Tipos de sistemas automáticos de extinção por água

Os sistemas automáticos de extinção por água podem ser: húmidos, secos, de dilúvio, e de pré-ação, dependendo das temperaturas (com ou sem gelo) e do método de ativação do sistema.  

Os sistemas automáticos de extinção por água, ou sistemas de sprinklers, têm como função controlar ou extinguir o incêndio. O incêndio só é extinto quando os materiais combustíveis acabam, ou quando é extinto manualmente por bombeiros. 
 
Os projetistas selecionam diferentes tipos de instalação dependendo do tipo e da utilização do edifício.  
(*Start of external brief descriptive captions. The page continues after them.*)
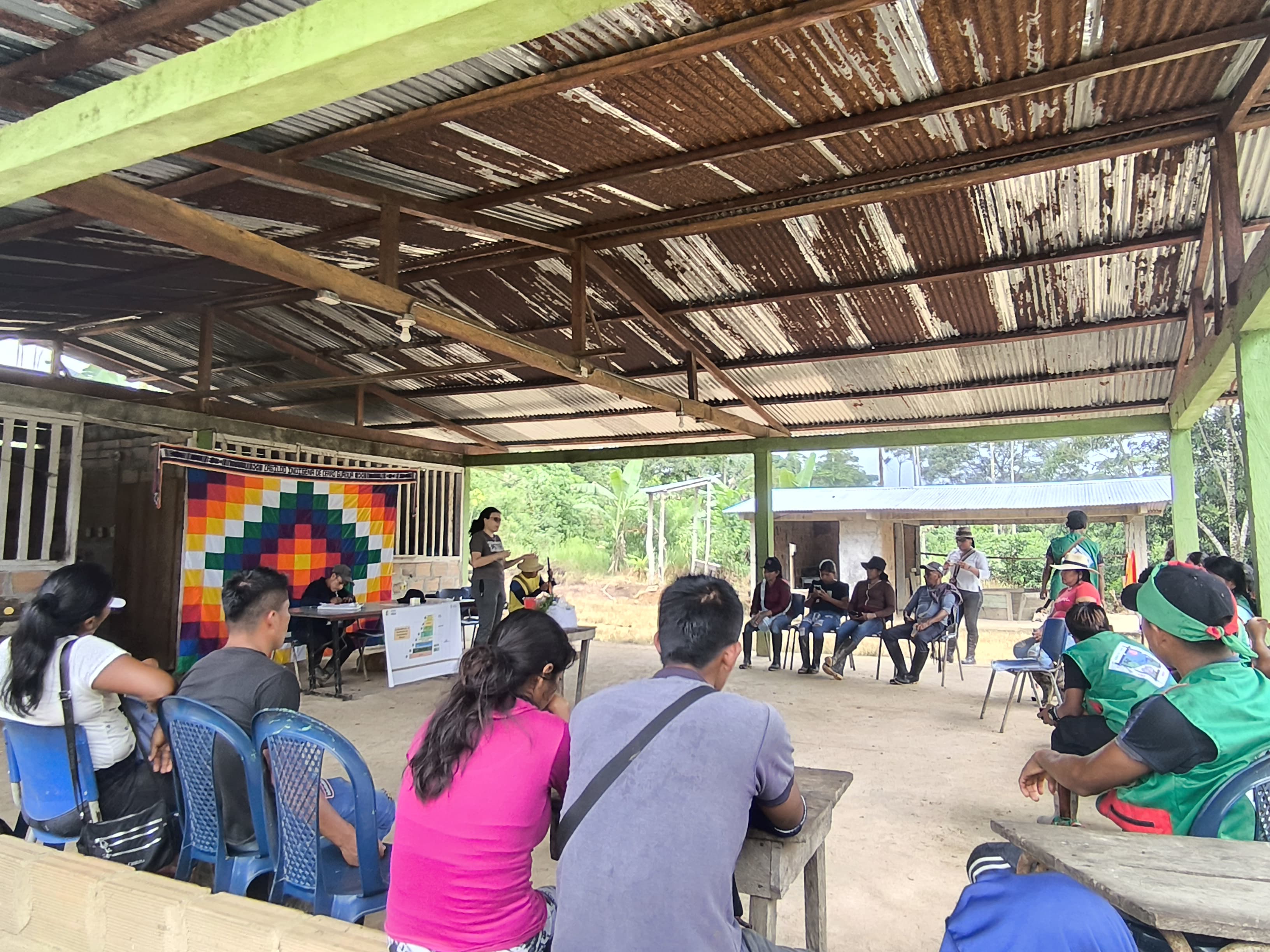 El equipo étnico de la territorial visitó estos territorios ancestrales, para caracterizar los daños que han padecido sus habitantes debido al conflicto armado. 
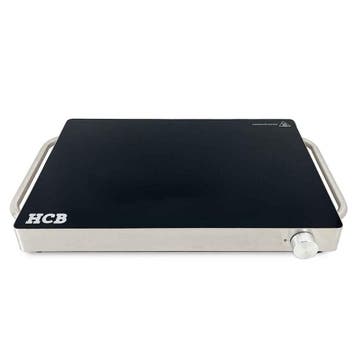 HCB Inductie warmhoudplaat - 1000 Watt - 230V - RVS, Verzenden, Nieuw in verpakking, Overige typen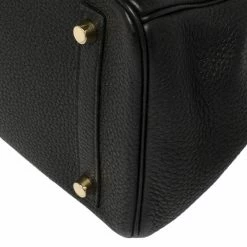 Hermes Noir Togo Leather Gold Hardware Birkin 30 Bag For Women -Deals Hermes Store luxury women hermes used handbags p375390 006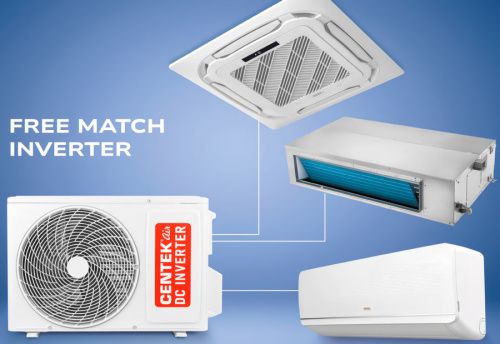 Внешний блок мульти сплит-системы на 2 комнаты Centek Free Match CT-66AM2-H14/4DR3C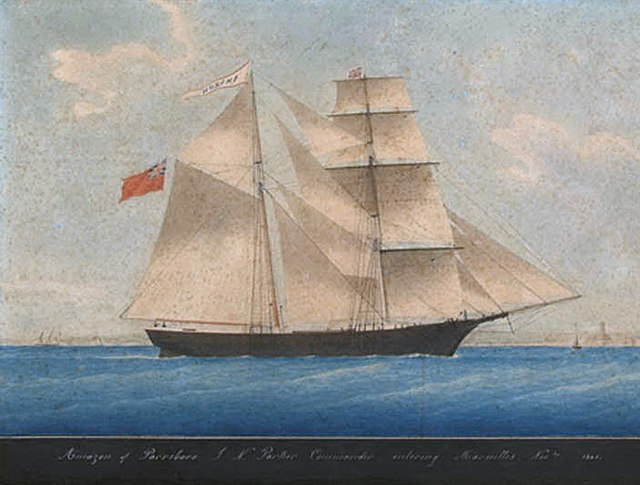 Pintura de 1861 do Amazon, renomeado depois para Mary Celeste.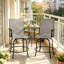 Chaises de patio pivotantes, tabourets de bar d'extérieur, chaises respirantes (seulement 2 chaises PCS)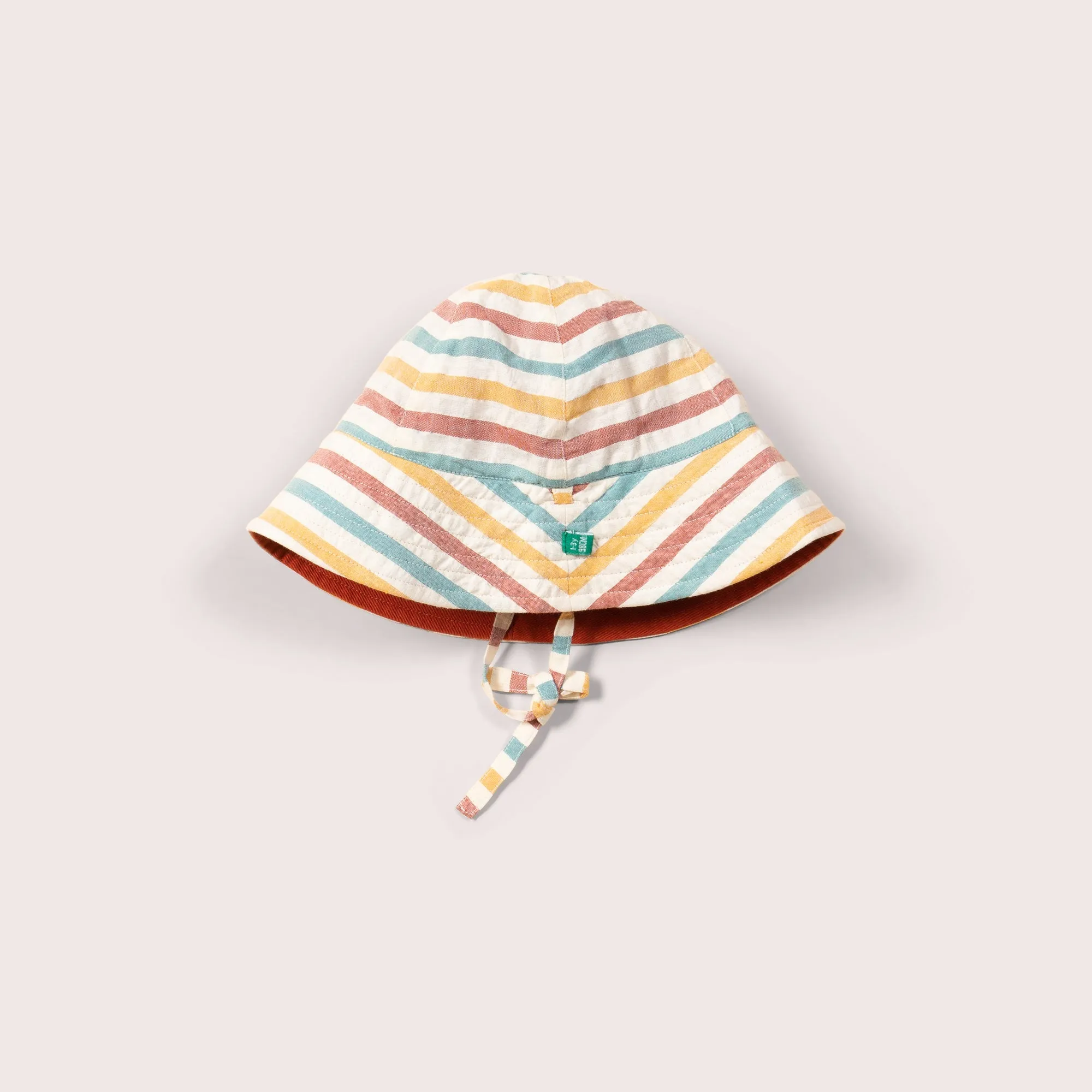 Walnut Striped Reversible Sunhat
Sistemas de tubagem húmida
Os sistemas de tubagem húmida são os mais comuns. As tubagens estão sempre cheias de água pressurizada, e só são instaladas em zonas sem a possibilidade de gelo. Uma vez que é um sistema simples, também é fiável. Quando um sprinkler automático é exposto a uma temperatura igual ou acima do valor de referência durante um determinado período de tempo, o elemento termossensível (por exemplo, a ampola de vidro) parte, permitindo a descarga de água do sprinkler.

Sistemas de tubagem seca
Os sistemas de tubagem seca são instalados em espaços que poderão ter uma temperatura ambiente suficientemente baixa para congelar a água nas tubagens, tornando um sistema de tubagem húmida inviável. Habitualmente, estes sistemas são utilizados em espaços refrigerados, parques de estacionamento, edifícios não aquecidos, ou espaços sensíveis à água, uma vez que estes sistemas não apresentam fugas de água. 

Nestes sistemas, as tubagens estão cheias de ar pressurizado. É utilizada uma válvula de alarme especial para separar a tubagem do sprinkler da tubagem de abastecimento de água. 

Quando um ou mais sprinklers são expostos a uma temperatura igual ou acima do valor de referência, estes abrem, permitindo que o ar na tubagem saia pelo sprinkler. Uma vez que a pressão do ar nas tubagens baixa, a diferença de pressão entre um lado e o outro da válvula muda, fazendo com que a válvula abra e permita a passagem de água para as tubagens dos sprinklers. A descarga de água dos sprinklers é atrasada pelo ar que sai primeiro. Consequentemente, os sistemas secos não têm uma resposta tão rápida na fase inicial de um incêndio. No entanto, o atraso na descarga da água através dos sprinklers depende do tempo necessário para eliminar o ar nas tubagens, isto significa que é possível que ocorram sérios danos causados pela água.

Sistemas de dilúvio
Os sistemas de dilúvio têm todos os sprinklers conectados abertos. Estes sprinklers não têm elemento termossensível (ampola de vidro). Os sistemas de dilúvio são utilizados em zonas em que existe o risco de rápida propagação do incêndio. Os sprinklers abertos distribuem água em toda a zona afetada.
As tubagens estão preenchidas com pressão atmosférica, e, em caso de incêndio, a válvula de dilúvio mecânica abre, permitindo que a água encha as tubagens dos sprinklers. A válvula de dilúvio é ativada através de um sinal do sistema de alarme de incêndio, e permanece aberta depois de ser ativada. O sistema de alarme de incêndio poderá ser ativado por detetores de fumo ou de calor, provocando a abertura da válvula de dilúvio. 

Sistemas de pré-ação
Os sistemas de pré-ação destinam-se a locais onde é indesejável que ocorra uma ativação acidental. Por exemplo, museus, empresas tecnológicas, centros de armazenamento de dados com computadores, etc. 

Estes sistemas combinam os sistemas húmidos, secos, e de dilúvio, dependendo do objetivo específico do sistema. No caso de incêndio, o sistema de alarme de incêndio ativa a válvula de pré-ação, e a água é distribuída pelas tubagens da zona afetada.